_WHAT TO DO_
Each line that includes "Tree" must be copied from the records.

_INPUT RECORDS_
╔══
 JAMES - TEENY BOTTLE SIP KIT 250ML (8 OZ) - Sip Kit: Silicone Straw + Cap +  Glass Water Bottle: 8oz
╚══
╔══
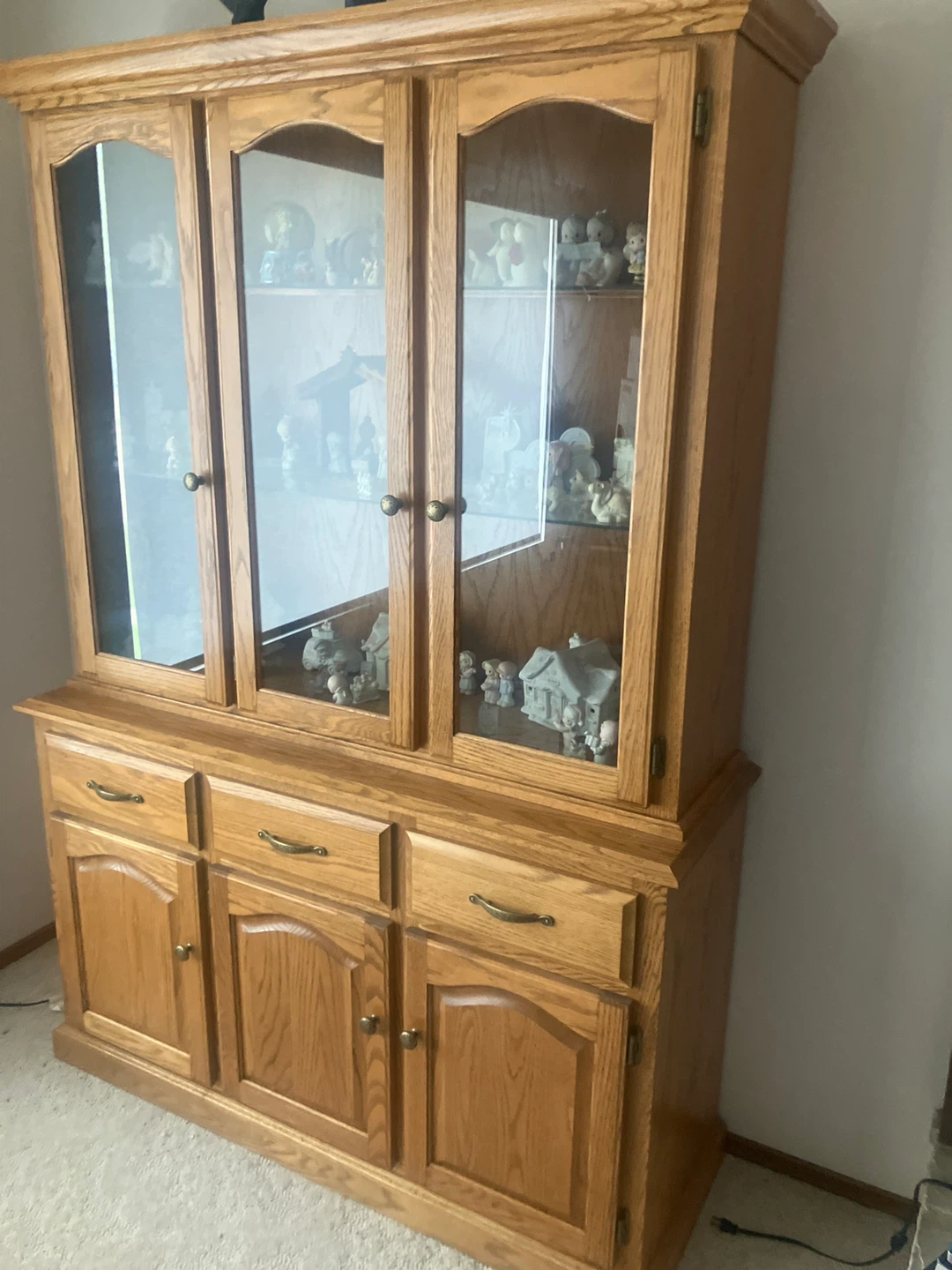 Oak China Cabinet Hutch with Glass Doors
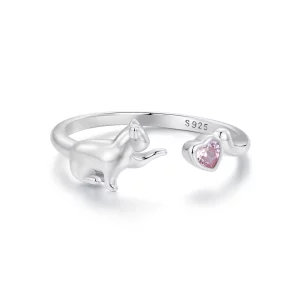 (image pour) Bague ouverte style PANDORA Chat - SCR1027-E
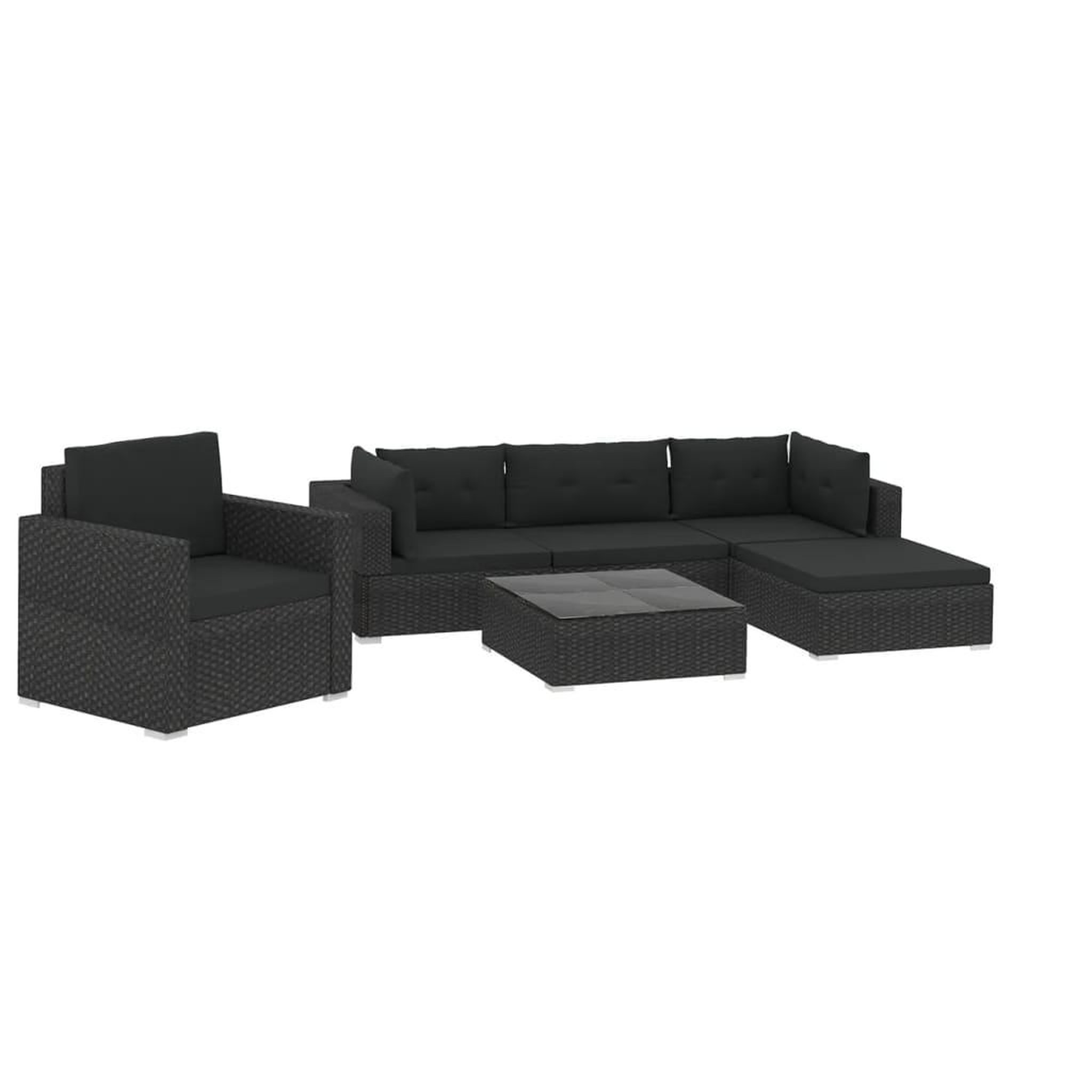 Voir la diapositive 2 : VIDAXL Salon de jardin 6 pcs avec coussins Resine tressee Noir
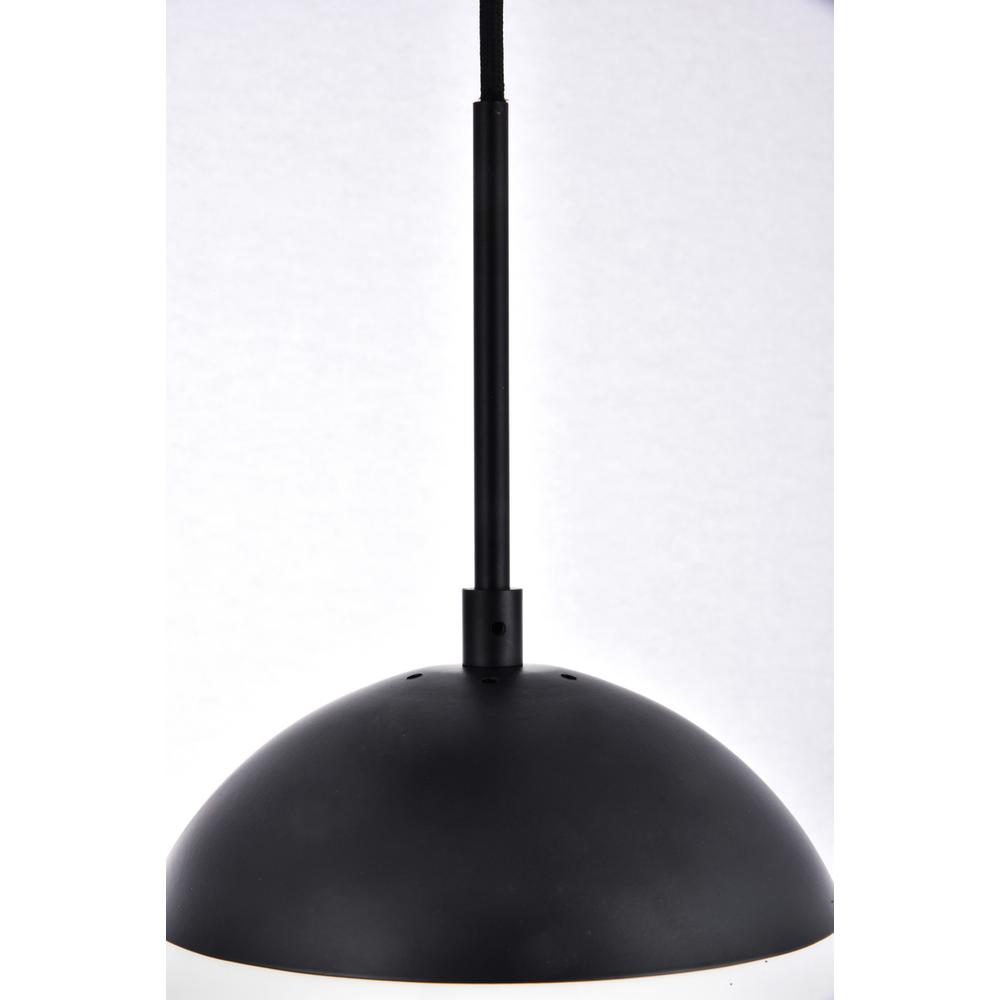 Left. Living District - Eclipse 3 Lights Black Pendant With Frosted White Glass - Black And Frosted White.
╚══
╔══
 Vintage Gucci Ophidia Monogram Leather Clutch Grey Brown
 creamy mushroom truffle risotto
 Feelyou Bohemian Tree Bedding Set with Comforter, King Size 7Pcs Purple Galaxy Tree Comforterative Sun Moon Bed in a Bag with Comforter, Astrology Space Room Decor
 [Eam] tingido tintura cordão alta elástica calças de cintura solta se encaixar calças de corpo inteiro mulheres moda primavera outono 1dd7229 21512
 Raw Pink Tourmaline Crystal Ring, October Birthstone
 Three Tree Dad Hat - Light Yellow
╚══
_SOLUTION TO THE EXERCISE_
 Feelyou Bohemian Tree Bedding Set with Comforter, King Size 7Pcs Purple Galaxy Tree Comforterative Sun Moon Bed in a Bag with Comforter, Astrology Space Room Decor
 Three Tree Dad Hat - Light Yellow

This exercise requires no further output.